───── DATA PROVIDED

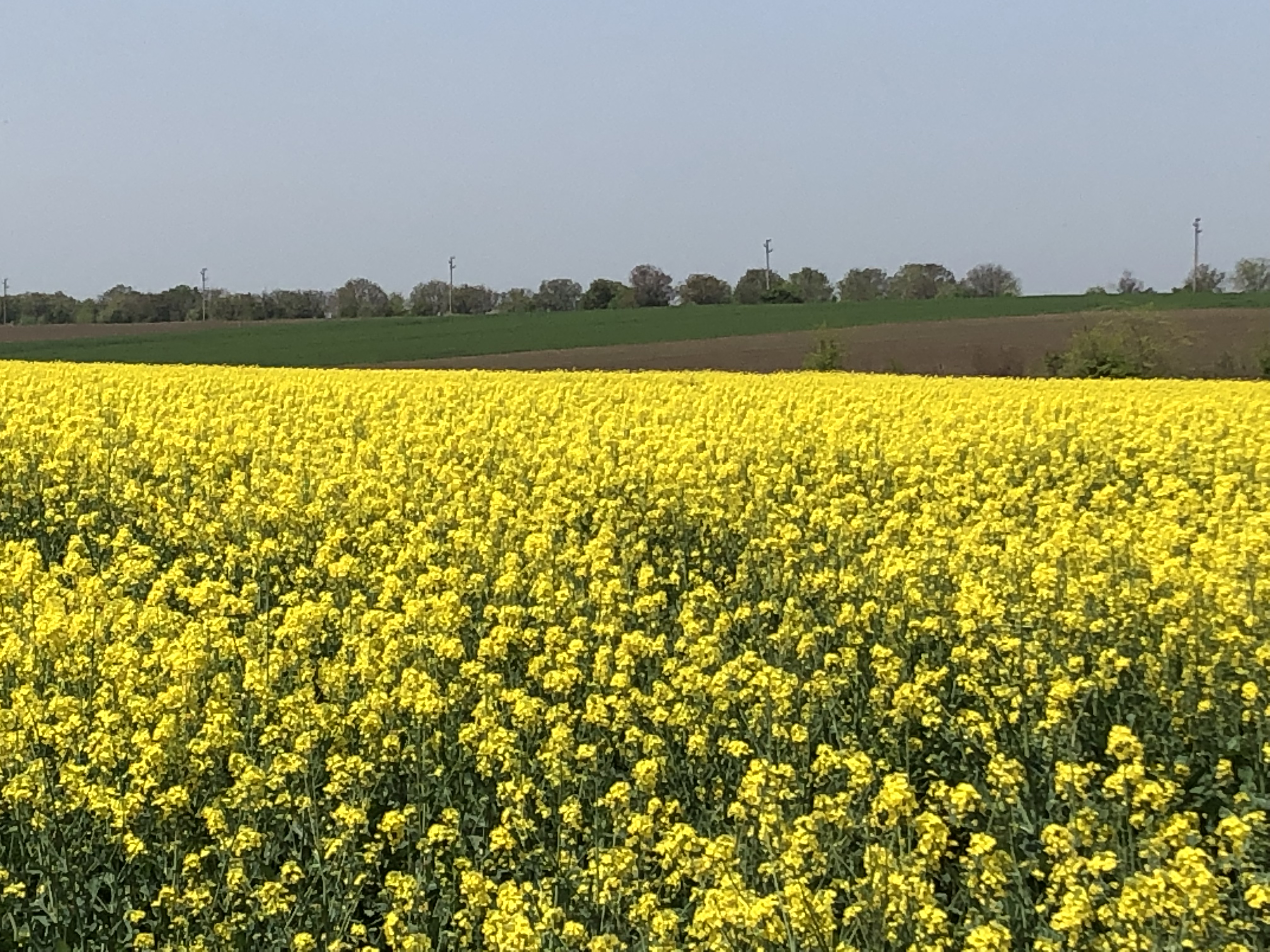 vitaagri.bg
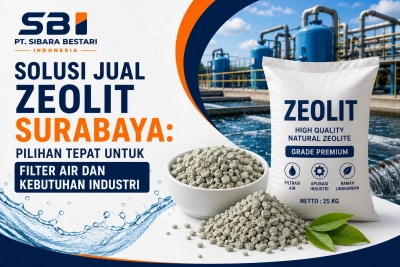 Solusi Jual Zeolit Surabaya: Pilihan Tepat untuk Filter Air dan Kebutuhan Industri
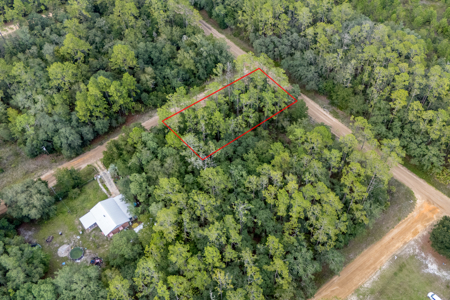 Vacant Lot for Sale in Interlachen, Florida - image 6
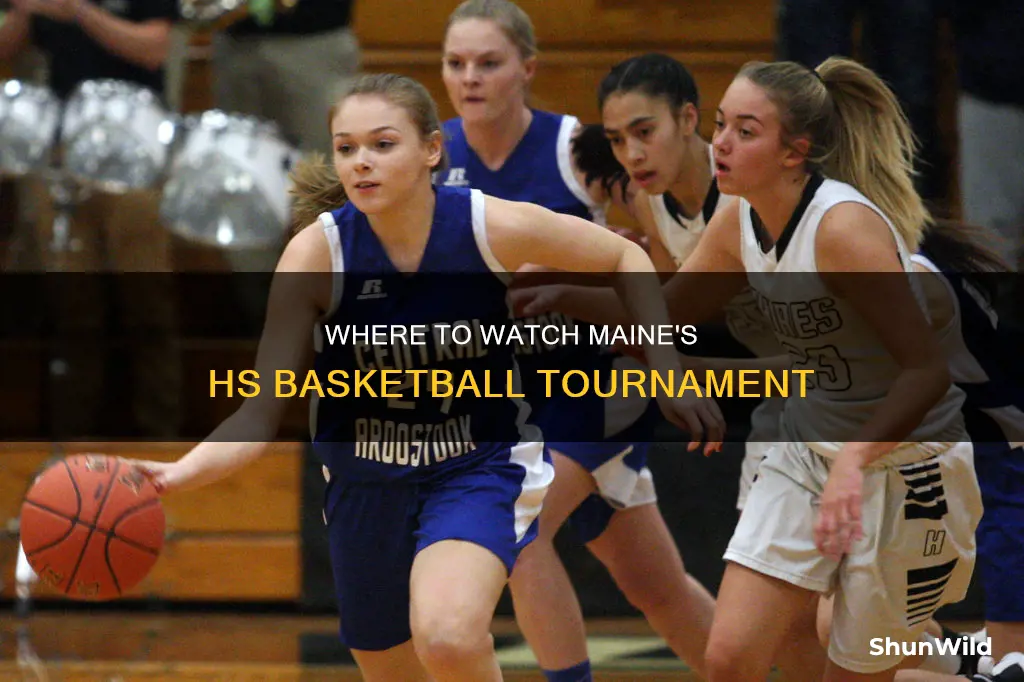 is the maine high school basketball tournament on tv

──────────

▸ **ACTIVITY**: Please leave the images out and retype the rest of the material exactly.

▸ **SOLUTION TO THIS EXERCISE**:
 vitaagri.bg
 Solusi Jual Zeolit Surabaya: Pilihan Tepat untuk Filter Air dan Kebutuhan Industri
 Vacant Lot for Sale in Interlachen, Florida - image 6
 is the maine high school basketball tournament on tv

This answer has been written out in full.